REPUBLIKA.CO.ID, JAKARTA -- Mahkamah Konstitusi (MK) memutuskan mengabulkan sebagian uji materiil Pasal 169 huruf q UU Pemilu mengenai batas usia minimal calon presiden (capres) dan calon wakil presiden (cawapres) yang diajukan oleh mahasiswa UNS bernama Almas Tsaqibbirru Re A. Perkara itu masuk ke MK dengan nomor 90/PUU-XXI/2023.
Berkas permohonan ini diterima MK pada 3 Agustus 2023. Pemohon ingin MK mengubah batas usia minimal capres-cawapres menjadi 40 tahun atau berpengalaman sebagai Kepala Daerah baik di Tingkat Provinsi maupun Kabupaten/Kota.
"Mengadili mengabulkan permohonan pemohon untuk sebagian," kata Ketua MK Anwar Usman dalam sidang pengucapan putusan di Gedung MK pada Senin (16/10/2023).
MK menyatakan, Pasal 169 huruf q UU Pemilu yang menyatakan "berusia paling rendah 40 tahun" bertentangan dengan UUD 1945 dan tidak mempunyai kekuatan hukum mengikat.
"Sehingga pasal 169 huruf q selengkapnya berbunyi 'berusia paling rendah 40 tahun atau pernah/sedang menduduki jabatan yang dipilih melalui pemilihan umum termasuk pemilihan kepala daerah'," ujar Anwar.
MK menjelaskan, alasan menerima sebagian gugatan ini karena batas usia capres/cawapres tidak diatur resmi dalam UUD 1945. Hakim MK Manahan MP Sitompul menyebut MK dalam beberapa putusan yang berkaitan dengan open legal policy kerap berpendirian bahwa legal policy dapat saja dikesampingkan.
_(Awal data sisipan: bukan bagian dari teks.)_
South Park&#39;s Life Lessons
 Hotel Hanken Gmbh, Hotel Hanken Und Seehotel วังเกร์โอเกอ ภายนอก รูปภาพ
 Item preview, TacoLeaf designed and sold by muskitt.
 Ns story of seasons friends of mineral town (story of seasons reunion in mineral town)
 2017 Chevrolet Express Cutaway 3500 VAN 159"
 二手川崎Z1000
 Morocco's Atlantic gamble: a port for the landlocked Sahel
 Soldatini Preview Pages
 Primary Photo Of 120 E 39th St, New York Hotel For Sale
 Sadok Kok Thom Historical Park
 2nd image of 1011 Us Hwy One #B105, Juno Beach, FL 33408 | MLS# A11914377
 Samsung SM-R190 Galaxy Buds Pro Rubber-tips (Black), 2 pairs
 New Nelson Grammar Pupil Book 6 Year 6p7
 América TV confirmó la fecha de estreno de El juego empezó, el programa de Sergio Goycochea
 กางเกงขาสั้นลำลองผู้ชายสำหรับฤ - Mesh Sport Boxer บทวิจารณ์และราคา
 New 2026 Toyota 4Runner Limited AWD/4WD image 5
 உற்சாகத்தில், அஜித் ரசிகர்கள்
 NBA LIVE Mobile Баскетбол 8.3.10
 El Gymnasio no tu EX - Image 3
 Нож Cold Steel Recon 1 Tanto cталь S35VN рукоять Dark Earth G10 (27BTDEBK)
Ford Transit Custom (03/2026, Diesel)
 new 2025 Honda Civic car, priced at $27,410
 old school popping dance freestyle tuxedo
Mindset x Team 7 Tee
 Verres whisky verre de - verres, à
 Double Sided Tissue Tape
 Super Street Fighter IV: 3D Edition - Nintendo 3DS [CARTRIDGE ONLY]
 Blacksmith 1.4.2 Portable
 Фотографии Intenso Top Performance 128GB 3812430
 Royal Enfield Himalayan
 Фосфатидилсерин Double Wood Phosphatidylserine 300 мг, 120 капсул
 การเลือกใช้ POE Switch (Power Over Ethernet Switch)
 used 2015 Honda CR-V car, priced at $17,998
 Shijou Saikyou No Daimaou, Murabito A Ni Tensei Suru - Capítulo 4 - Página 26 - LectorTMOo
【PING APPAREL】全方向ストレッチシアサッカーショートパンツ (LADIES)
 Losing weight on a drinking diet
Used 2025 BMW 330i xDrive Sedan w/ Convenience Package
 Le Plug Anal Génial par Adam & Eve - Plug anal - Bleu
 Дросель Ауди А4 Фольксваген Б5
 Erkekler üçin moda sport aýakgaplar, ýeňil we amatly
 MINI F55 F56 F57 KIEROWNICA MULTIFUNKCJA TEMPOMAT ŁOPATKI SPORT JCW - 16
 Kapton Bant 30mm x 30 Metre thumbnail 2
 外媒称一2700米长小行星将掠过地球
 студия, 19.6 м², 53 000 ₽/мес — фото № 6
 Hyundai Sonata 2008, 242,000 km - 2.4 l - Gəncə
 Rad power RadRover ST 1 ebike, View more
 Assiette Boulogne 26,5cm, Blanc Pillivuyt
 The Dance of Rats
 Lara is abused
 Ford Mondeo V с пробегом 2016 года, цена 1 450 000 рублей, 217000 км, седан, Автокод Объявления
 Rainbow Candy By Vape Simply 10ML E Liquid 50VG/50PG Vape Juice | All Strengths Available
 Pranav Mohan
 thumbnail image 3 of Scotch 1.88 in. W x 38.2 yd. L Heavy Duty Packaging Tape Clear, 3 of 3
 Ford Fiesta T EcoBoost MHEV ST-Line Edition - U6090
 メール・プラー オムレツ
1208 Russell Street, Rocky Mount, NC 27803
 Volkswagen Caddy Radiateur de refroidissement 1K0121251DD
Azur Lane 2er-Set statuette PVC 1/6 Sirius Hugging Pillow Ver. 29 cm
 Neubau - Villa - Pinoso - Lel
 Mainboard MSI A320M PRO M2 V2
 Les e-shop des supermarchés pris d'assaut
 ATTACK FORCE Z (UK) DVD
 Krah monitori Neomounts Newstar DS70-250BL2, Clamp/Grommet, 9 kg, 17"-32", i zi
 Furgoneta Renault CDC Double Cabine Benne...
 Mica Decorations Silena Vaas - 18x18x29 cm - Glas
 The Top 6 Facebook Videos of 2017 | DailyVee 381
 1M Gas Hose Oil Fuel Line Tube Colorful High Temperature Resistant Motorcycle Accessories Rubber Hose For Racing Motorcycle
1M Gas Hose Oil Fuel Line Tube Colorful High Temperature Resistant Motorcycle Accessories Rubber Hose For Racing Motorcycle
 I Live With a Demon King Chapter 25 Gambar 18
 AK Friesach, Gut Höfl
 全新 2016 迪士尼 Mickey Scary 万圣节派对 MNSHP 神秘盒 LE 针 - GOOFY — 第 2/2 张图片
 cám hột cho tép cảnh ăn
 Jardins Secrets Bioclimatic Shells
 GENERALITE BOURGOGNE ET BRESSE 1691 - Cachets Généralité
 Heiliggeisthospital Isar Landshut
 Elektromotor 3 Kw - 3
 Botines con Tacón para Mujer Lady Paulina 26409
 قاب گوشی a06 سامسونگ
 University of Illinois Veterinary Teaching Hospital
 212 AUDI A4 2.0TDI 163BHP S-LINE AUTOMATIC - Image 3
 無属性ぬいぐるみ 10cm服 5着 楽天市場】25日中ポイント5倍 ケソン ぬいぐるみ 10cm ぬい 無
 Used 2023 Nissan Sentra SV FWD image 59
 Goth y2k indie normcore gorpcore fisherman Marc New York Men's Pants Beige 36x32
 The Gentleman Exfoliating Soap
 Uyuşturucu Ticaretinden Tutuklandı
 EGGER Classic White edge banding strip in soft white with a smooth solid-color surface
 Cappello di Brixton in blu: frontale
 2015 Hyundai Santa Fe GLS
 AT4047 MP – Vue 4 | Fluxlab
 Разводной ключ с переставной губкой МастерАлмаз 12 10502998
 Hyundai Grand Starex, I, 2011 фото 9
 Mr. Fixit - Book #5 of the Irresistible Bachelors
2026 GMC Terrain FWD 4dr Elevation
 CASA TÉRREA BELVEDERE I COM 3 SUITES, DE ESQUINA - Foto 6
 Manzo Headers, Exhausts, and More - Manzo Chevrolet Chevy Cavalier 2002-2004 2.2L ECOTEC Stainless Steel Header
Ini bisa terjadi apabila melanggar prinsip moralitas, rasionalitas, dan ketidakadilan yang intolerable.
"Demikian juga sepanjang pilihan kebijakan tidak merupakan hal yang melampaui kewenangan pembentuk undang-undang, tidak merupakan penyalahgunaan wewenang serta tidak nyata-nyata bertentangan dengan UUD 1945, maka pilihan kebijakan demikian dapat dinyatakan inkonstitusional atau inkonstitusional bersyarat oleh mahkamah," ujar Manahan.
Manahan juga menekan norma yang berkaitan dengan legal policy adalah sesuatu yang tidak diatur secara tegas dalam konstitusi. Sebab jika diatur tegas dalam konstitusi maka undang-undang tidak boleh mengatur norma yang berbeda dengan norma konstitusi. Dalam beberapa putusan terakhir, lanjut Manahan, MK memberikan tafsir ulang dan mengesampingkan open legal policy.
"Seperti dalam perkara yang terkait batas usia pensiun dan batas usia minimum bagi penyelenggara negara," ujar Manahan.
Manahan menerangkan putusan itu diambil karena MK memandang norma yang dimohonkan pengujinya dinilai melanggar salah satu prinsip untuk dapat mengesampingkan atau mengabaikan open legal policy.
"Seperti pelanggaran terhadap prinsip moralitas, rasionalitas, dan ketidakadilan yang intolerable, tidak melampaui kewenangan, tidak merupakan penyalahgunaan wewenang dan atau bertentangan dengan UUD 1945," ujar Manahan.